CNN reported Tuesday that the CIA has been conducting lethal covert operations inside Mexico for at least a year, targeting mid-level cartel figures through its Ground Branch paramilitary unit. The report cites multiple U.S. officials and says CIA operatives were present — providing real-time intelligence, support, and equipment — during operations carried out by Mexican forces, including the one that killed CJNG leader El Mencho. CIA officers reportedly did not pull triggers themselves but were on-site during lethal actions.
Mexico's Security Secretary Omar García Harfuch flatly rejected the CNN report, stating that no foreign agencies conduct covert operations on Mexican soil and that U.S.-Mexico cooperation is limited to intelligence-sharing and institutional coordination. The CIA also denied the account. Both governments denied CIA involvement in a specific operation in the State of Mexico against a Sinaloa Cartel operator. The New York Times and Al Jazeera reported both governments' rejections within hours of the CNN story going live.
Separately, Archyde reported that U.S. intelligence operatives were embedded inside the Chihuahua Attorney General's Office (FGE) before the early-May raid on the Zuany fentanyl laboratory — with at least one armed American present. A U.S. citizen was subsequently found dead in the region, reportedly in possession of a long gun. The FGE publicly acknowledged foreign agents' presence on May 7, though the disclosure was buried in a press release.
In Guerrero state, inter-cartel fighting between Los Ardillos and Los Tlacos displaced between 800 and 1,000 families in the Chilapa area (La Montaña Baja region). The federal government deployed over 1,000 security personnel — 690 Army troops with 80 vehicles, 400 National Guard with 50 vehicles, 200 state police, five aircraft, and two ambulances. President Sheinbaum explained she had held off on a large-scale military operation to allow negotiations, but confirmed the deployment after conditions became untenable.
The Mexican government separately highlighted the capture of 25 cartel figures in the past 24 hours, including two operators of Gente del Guano (linked to El Chapo's brother Aureliano Guzmán Loera) in Durango, and Irving Alexander 'El Machete,' described as a Unión Tepito cell leader, in Mexico City.

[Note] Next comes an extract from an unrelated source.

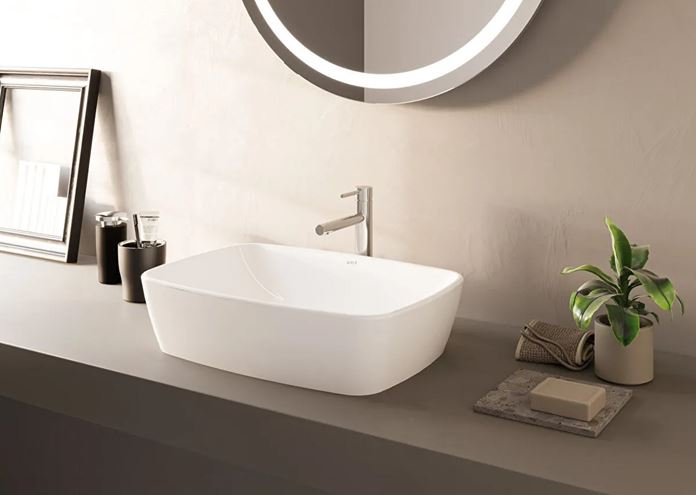 VITRA SHIFT umyvadlová mísa 55 cm, bez přepadu, broušená, VitrAhygiene 7075B003-0016 Obrázek - fotka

In Sinaloa, cartel gunmen attacked a funeral procession in front of Army soldiers who did not intervene — a video that is now circulating widely and raising questions about troop rules of engagement.

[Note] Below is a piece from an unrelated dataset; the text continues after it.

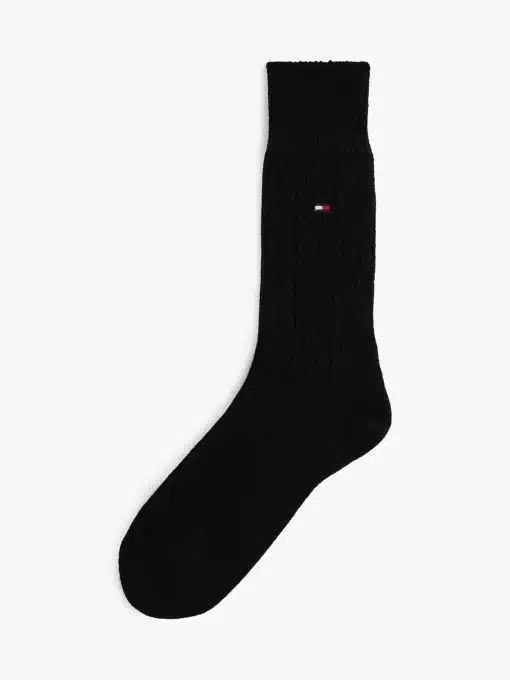 Tommy Hilfiger Wool Blend Cable Knit Socks Black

President Gustavo Petro confirmed Tuesday he personally ordered an artillery and air bombardment against an ELN command-security unit in Tibú, Norte de Santander (Catatumbo region). The Colombian military reported seven ELN fighters killed. The targeted unit was responsible for protecting the ELN's Central Command (COCE) and National Directorate (DINAL) as they crossed between Venezuela and Colombia to direct operations — making it a high-value strategic target, not a frontline tactical engagement.

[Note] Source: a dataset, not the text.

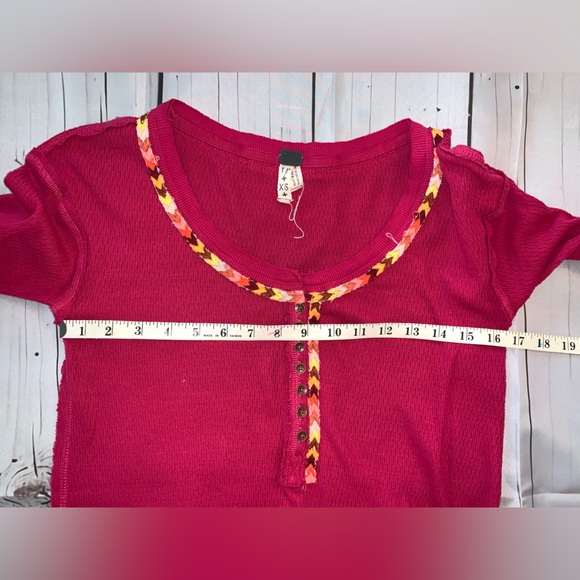 🍁 Free People We the Free Rainbow Thermal Henley - Picture 6 of 9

The military reported ELN fighters attempted drone attacks on advancing troops during and after the bombardment, and that surviving members extracted bodies from the strike zone under fire. Colombian Army imagery showed nighttime artillery fire. Petro's public confirmation — stating 'they are not part of any peace agreement' — marks a significant rhetorical shift for a president who spent years pursuing negotiated settlements with armed groups.
The International Committee of the Red Cross (ICRC) released its annual report Tuesday, calling 2025 the worst year for Colombia's humanitarian situation in a decade. The ICRC documented 58,160 people displaced and 85,760 confined in Norte de Santander alone between January and May 2025, driven by ELN-FARC dissident clashes in Catatumbo. The full-year displacement figure nationally doubled compared to 2024, placing Colombia second globally behind Sudan.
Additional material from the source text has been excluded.